Supplied data –
· · · · ·

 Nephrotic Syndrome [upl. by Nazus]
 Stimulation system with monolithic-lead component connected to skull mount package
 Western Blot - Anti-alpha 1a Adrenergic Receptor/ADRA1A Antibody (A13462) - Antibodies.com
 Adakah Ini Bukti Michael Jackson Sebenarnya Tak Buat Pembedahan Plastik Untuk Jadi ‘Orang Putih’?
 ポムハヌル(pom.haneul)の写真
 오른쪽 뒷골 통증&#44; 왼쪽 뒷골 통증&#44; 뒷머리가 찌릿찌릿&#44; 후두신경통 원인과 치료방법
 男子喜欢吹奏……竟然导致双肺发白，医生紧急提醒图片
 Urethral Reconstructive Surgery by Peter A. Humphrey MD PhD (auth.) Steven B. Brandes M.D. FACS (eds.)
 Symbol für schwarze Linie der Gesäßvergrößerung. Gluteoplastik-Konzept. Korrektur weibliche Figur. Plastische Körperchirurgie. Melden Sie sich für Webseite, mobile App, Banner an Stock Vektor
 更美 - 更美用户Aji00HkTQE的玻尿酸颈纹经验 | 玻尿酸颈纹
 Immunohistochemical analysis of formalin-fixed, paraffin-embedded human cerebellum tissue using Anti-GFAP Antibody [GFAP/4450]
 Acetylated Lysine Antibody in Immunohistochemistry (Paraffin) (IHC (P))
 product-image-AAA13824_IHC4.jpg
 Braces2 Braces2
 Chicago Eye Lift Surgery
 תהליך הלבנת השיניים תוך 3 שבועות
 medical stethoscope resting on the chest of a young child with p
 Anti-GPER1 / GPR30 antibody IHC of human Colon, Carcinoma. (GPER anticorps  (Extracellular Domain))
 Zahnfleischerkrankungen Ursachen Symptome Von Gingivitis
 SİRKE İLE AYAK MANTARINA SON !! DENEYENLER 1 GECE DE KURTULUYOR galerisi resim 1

· · · · ·

Brief – Returned text must match every record word for word.

Response –
 Nephrotic Syndrome [upl. by Nazus]
 Stimulation system with monolithic-lead component connected to skull mount package
 Western Blot - Anti-alpha 1a Adrenergic Receptor/ADRA1A Antibody (A13462) - Antibodies.com
 Adakah Ini Bukti Michael Jackson Sebenarnya Tak Buat Pembedahan Plastik Untuk Jadi ‘Orang Putih’?
 ポムハヌル(pom.haneul)の写真
 오른쪽 뒷골 통증&#44; 왼쪽 뒷골 통증&#44; 뒷머리가 찌릿찌릿&#44; 후두신경통 원인과 치료방법
 男子喜欢吹奏……竟然导致双肺发白，医生紧急提醒图片
 Urethral Reconstructive Surgery by Peter A. Humphrey MD PhD (auth.) Steven B. Brandes M.D. FACS (eds.)
 Symbol für schwarze Linie der Gesäßvergrößerung. Gluteoplastik-Konzept. Korrektur weibliche Figur. Plastische Körperchirurgie. Melden Sie sich für Webseite, mobile App, Banner an Stock Vektor
 更美 - 更美用户Aji00HkTQE的玻尿酸颈纹经验 | 玻尿酸颈纹
 Immunohistochemical analysis of formalin-fixed, paraffin-embedded human cerebellum tissue using Anti-GFAP Antibody [GFAP/4450]
 Acetylated Lysine Antibody in Immunohistochemistry (Paraffin) (IHC (P))
 product-image-AAA13824_IHC4.jpg
 Braces2 Braces2
 Chicago Eye Lift Surgery
 תהליך הלבנת השיניים תוך 3 שבועות
 medical stethoscope resting on the chest of a young child with p
 Anti-GPER1 / GPR30 antibody IHC of human Colon, Carcinoma. (GPER anticorps  (Extracellular Domain))
 Zahnfleischerkrankungen Ursachen Symptome Von Gingivitis
 SİRKE İLE AYAK MANTARINA SON !! DENEYENLER 1 GECE DE KURTULUYOR galerisi resim 1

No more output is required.